The Long P: Telling Kids
the 100-year History of the Pirelli Logo
More than 100 years have gone by since the famous Pirelli logo was introduced, with the loop of the P stretched out over the other letters of the name, as though it were made of rubber. New York, 1908: “Would this be okay for you?”, asked the visitor straight off the boat from Italy, as he traced out a very unusual-looking P on a piece of paper. “Yeah, it should be”, said the other one, taking a look, “Come to think of it, that would be perfect.” He looked, and looked again with satisfaction, thinking about that capital P sending out boldly on a poster or against the sky. The story was told by Vittorio Sereni, then working at the company’s Press Office, in the pages of Pirelli magazine in 1958, in an article devoted to the success of the logo in advertising.

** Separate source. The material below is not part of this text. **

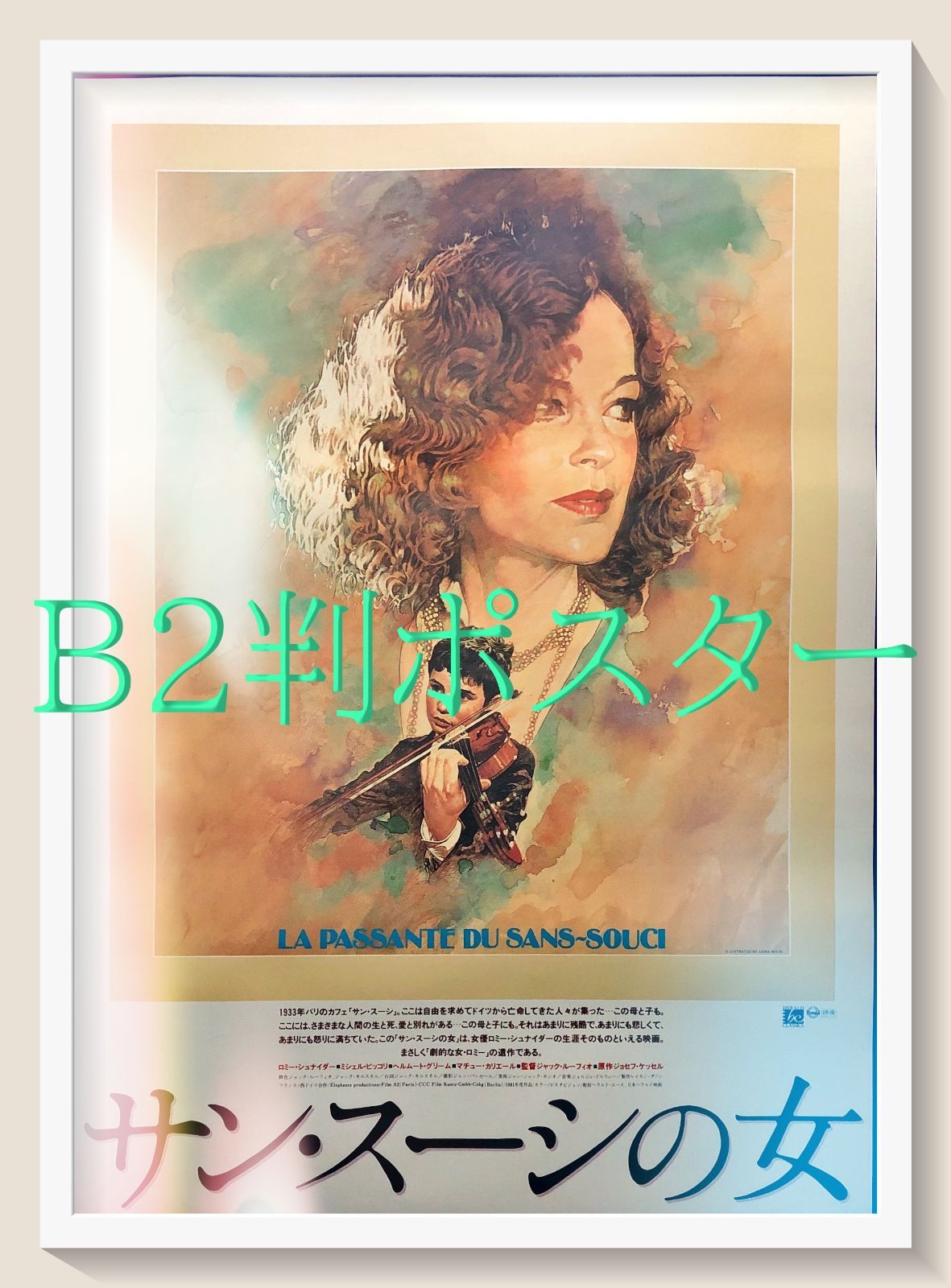 直筆サイン入り○○西城秀樹 「BODY] 写真集 撮影/宮澤正明 直筆サイン入り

The story, which may have been somewhat embroidered upon, intertwines with other stories that trace the idea of the Pirelli logo back to the signature of the company founder, Giovanni Battista Pirelli, which did indeed have a distinctive elongated P. The oldest example of the famous logo is undoubtedly a bookmark, dating back to 1907, now in the Historical Archive of the Pirelli Foundation: a ribbon bearing the words Pneumatici Pirelli trionfatori della Pechino-Parigi – “Pirelli tyres, winners of the Peking-Paris” – in which all the Ps already have the elongated form, attached to the official Guide to the Corsa di Brescia in September 1907.

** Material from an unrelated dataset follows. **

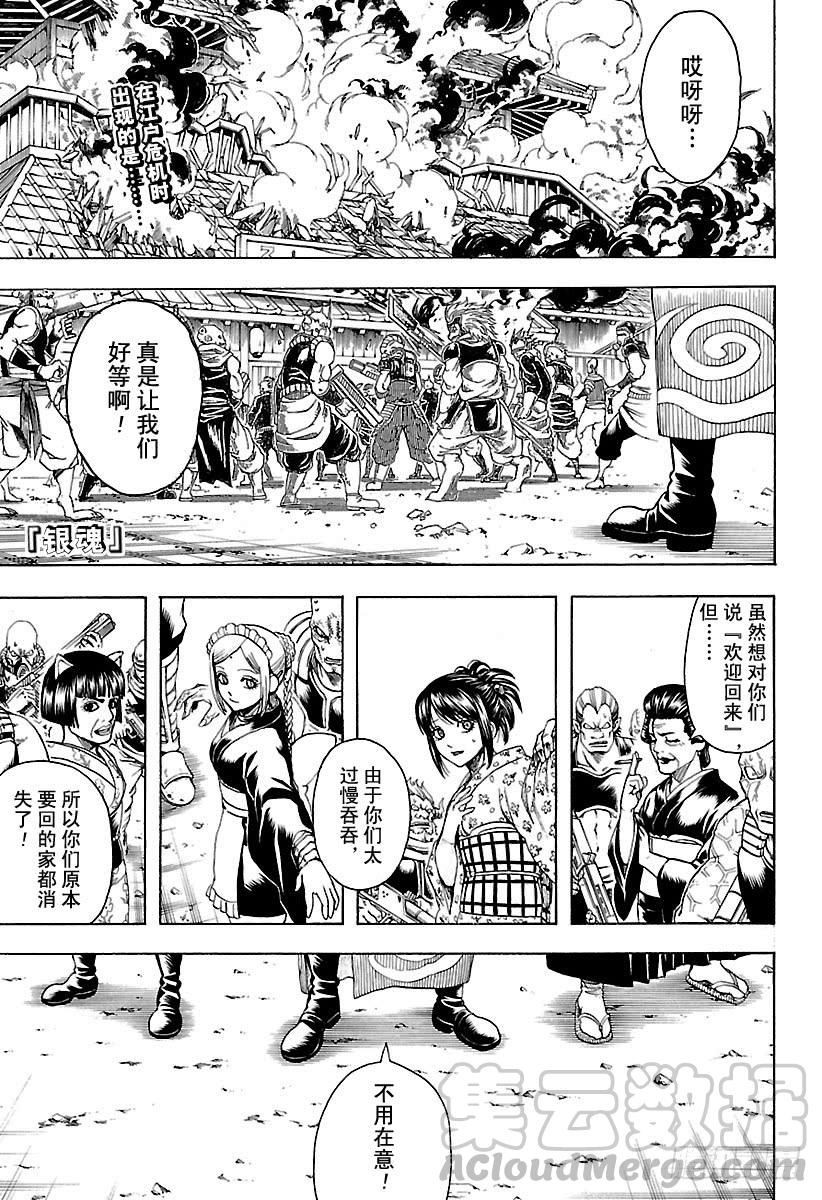 第598话 任何人都有输送终端0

The same year also saw the Peking to Paris Motor Race, in which Pirelli took part, equipping the winning car of the race with its tyres. For the company, this was an important worldwide achievement, and the first of an endless string of victories in all international motorcar races. Pirelli, which in those years was beginning to make the manufacture of tyres its core business, needed a unique, powerful, and recognisable symbol, to assert itself and also to stand out from its competitors. As we clearly see as we scroll through the advertising images now preserved in our Archive, the Pirelli brand has evolved over the years, changing its colour, style, body, and character. The concept of the “Long P” also extended to the products, gradually involving other letters in addition to the “P” of “Pirelli” and “Pneus”.
The institutional logotype has been anything but stable, coexisting for a long time with others without the elongated P and with a series of variations. It was only after the Second World War that it first came to be defined: first, the rules for the base-height ratio were set, together with those for the consistency of the thicknesses and the design of the letters. A second set of rules came in 1961, and there have been more recent changes made by Studio Unimark International and Studio Cerri & Associati. The last restyling was in 1982, by the designer Salvatore Gregorietti and, during the same period, a manual for correct use of the logo was drafted. In 1997, the architect and graphic designer Pierluigi Cerri created a bilingual manual, indicating the correct colour schemes to be used. Over the years, world-class graphic designers and artists helped establish its global renown, creating effective advertising campaigns for Pirelli, in some cases using the logo itself as a graphic element, giving it pride of place in the advertisement. From Stanley Charles Roowy, who already in 1913 transformed it into a powerful racing car, through to Bob Noorda, who curved it into the round shape of a tyre, and André Franꞔois, who in 1961 turned the P into the windscreen of a car with wipers and a moustachioed driver. Combinations of duplications and projections were used in the 1960s and 1970s by Christiane Beylier and Christa Tschopp, and a huge P was formed using real cars for the advertising campaign “Tyres with a Capital P” of 1978 . And so, in the words of Sereni, that “Disney-like intuition, way ahead of its time” that “appears again as a character in a story and in turn generates more characters” is now one of the world’s best-known logos.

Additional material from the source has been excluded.